Work item —
Transcribe the records that follow exactly. Skip the pictures.

─── Exercise data

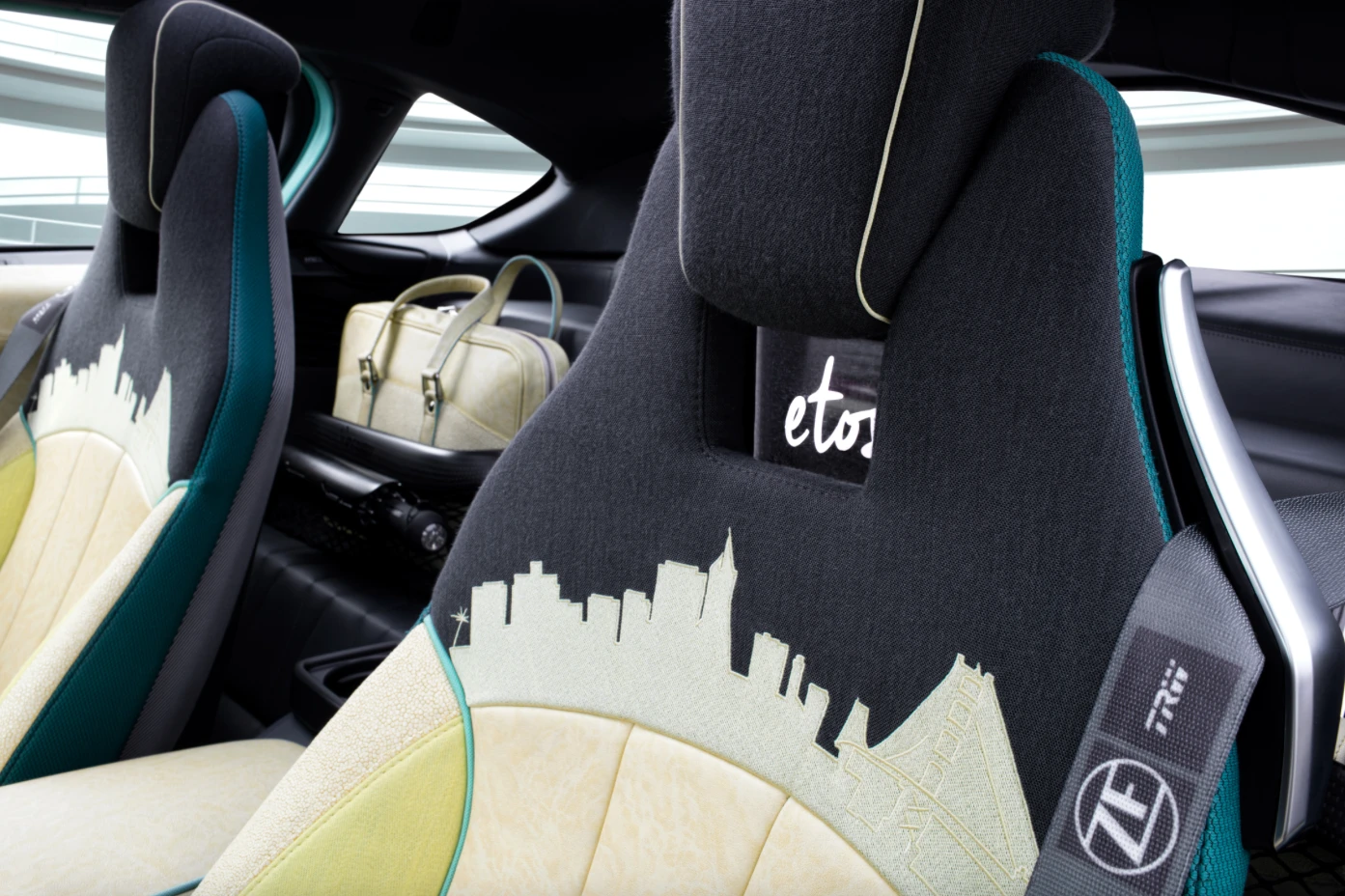 The seats are embroidered with a depiction of the San Francisco skyline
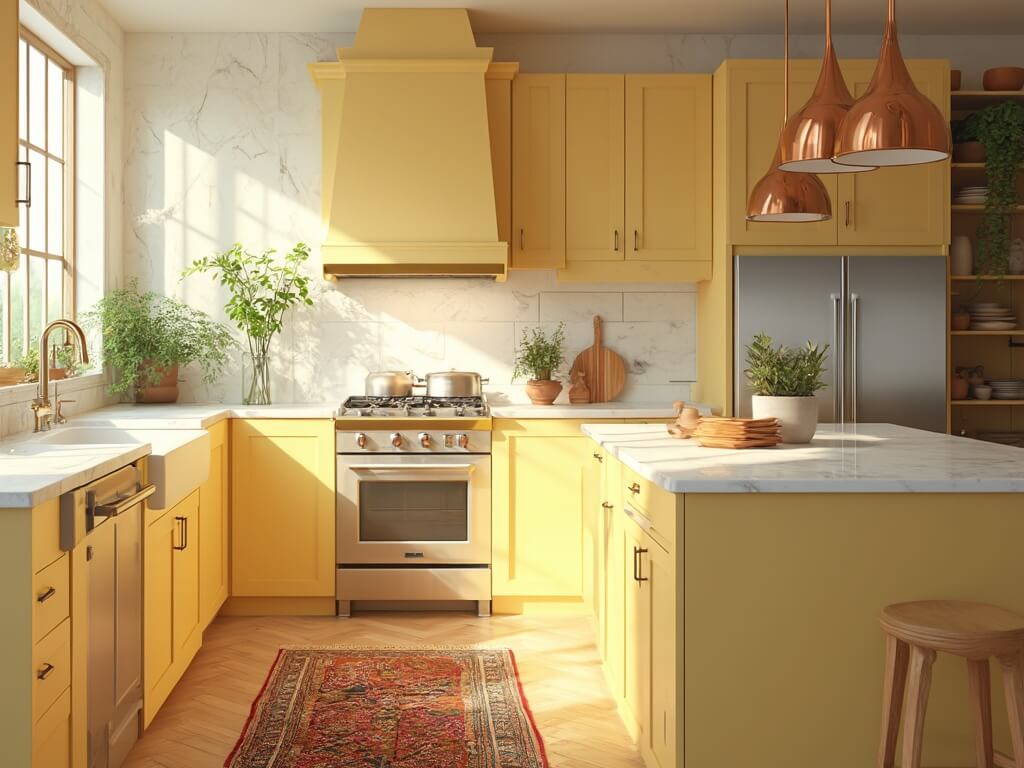 "Modern sunny kitchen interior with yellow cabinets, white quartz countertops, marble island, and stainless steel appliances"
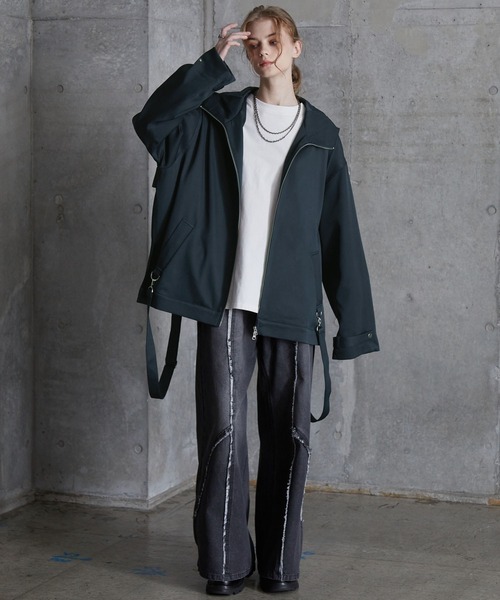SERACE】Loose drape suspenders mountain parka / ルーズ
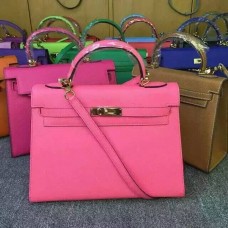 Torebka Hermes Kelly 28 cm ze skóry Epsom w kolorze różowym
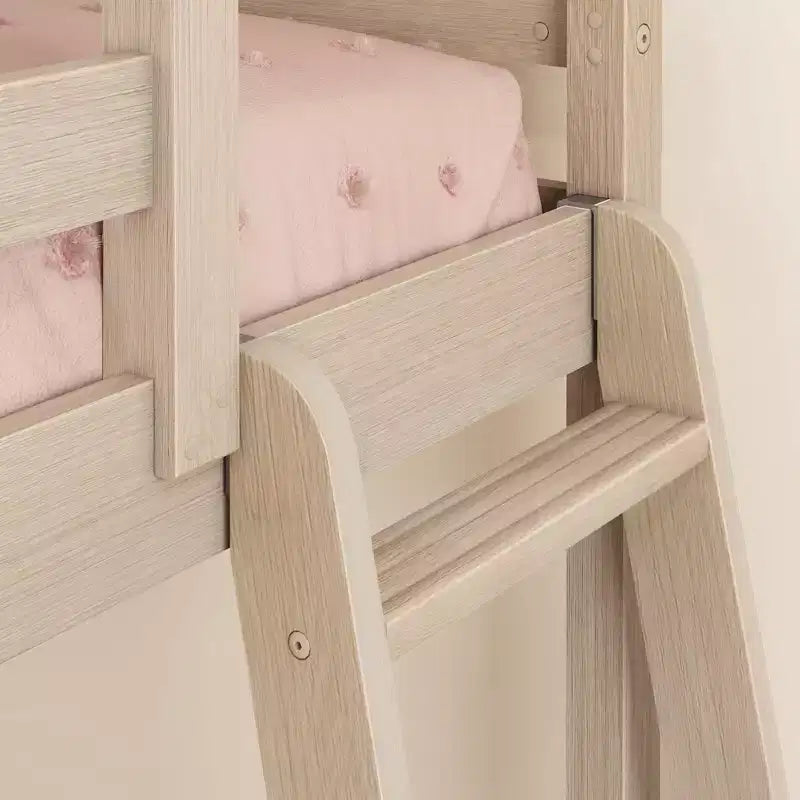 Textured Natural / Pecan / White Twin over Full Low Bunk Bed, Engineered Wood, Sleeps 2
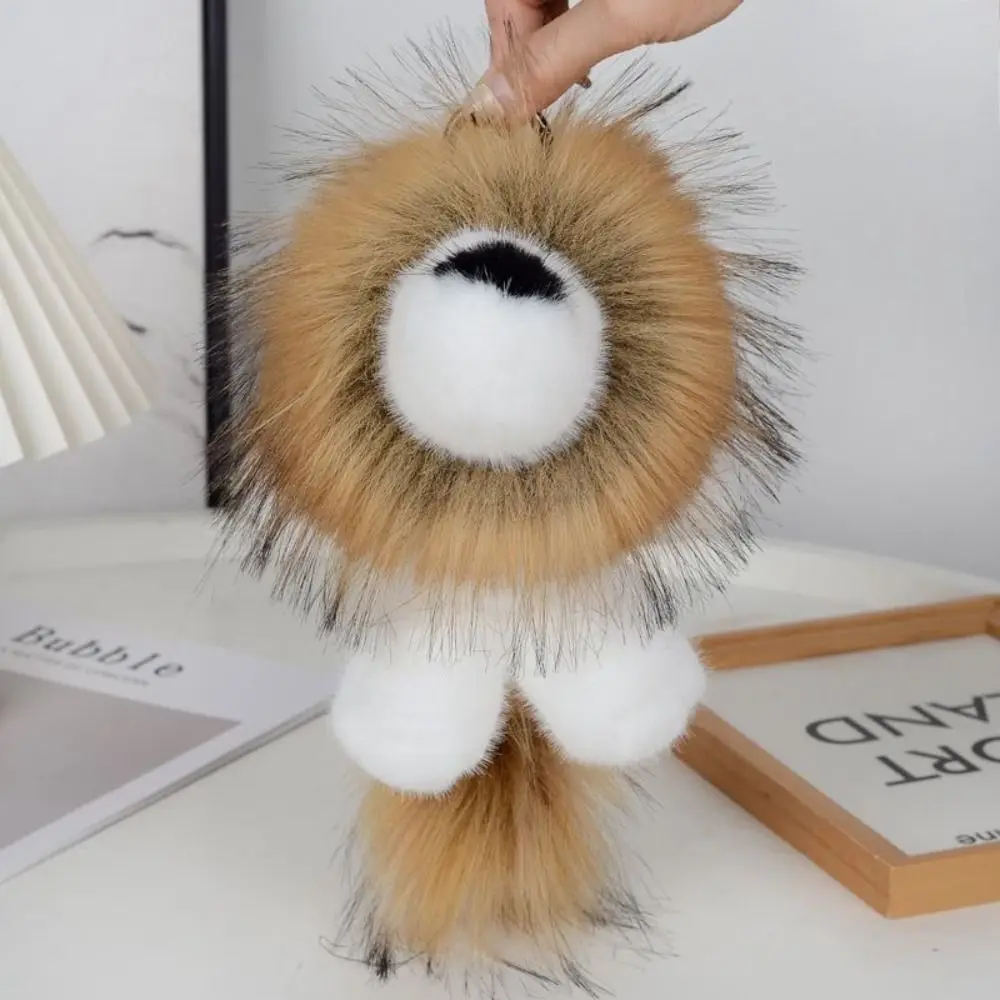 Llavero peluche león con crin larga cola y suave imitación piel conejo - imagen 3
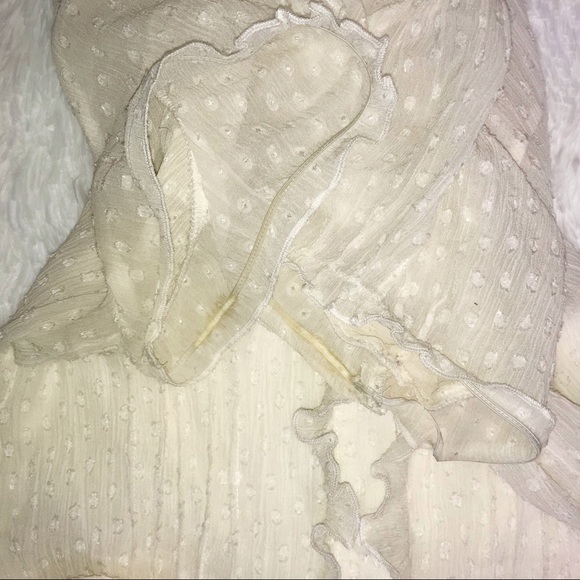 Bebe Ruffle Front Polka Dot Button Down With Tye - Picture 6 of 6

──────

Exercise result —
 The seats are embroidered with a depiction of the San Francisco skyline
 "Modern sunny kitchen interior with yellow cabinets, white quartz countertops, marble island, and stainless steel appliances"
SERACE】Loose drape suspenders mountain parka / ルーズ
 Torebka Hermes Kelly 28 cm ze skóry Epsom w kolorze różowym
 Textured Natural / Pecan / White Twin over Full Low Bunk Bed, Engineered Wood, Sleeps 2
 Llavero peluche león con crin larga cola y suave imitación piel conejo - imagen 3
 Bebe Ruffle Front Polka Dot Button Down With Tye - Picture 6 of 6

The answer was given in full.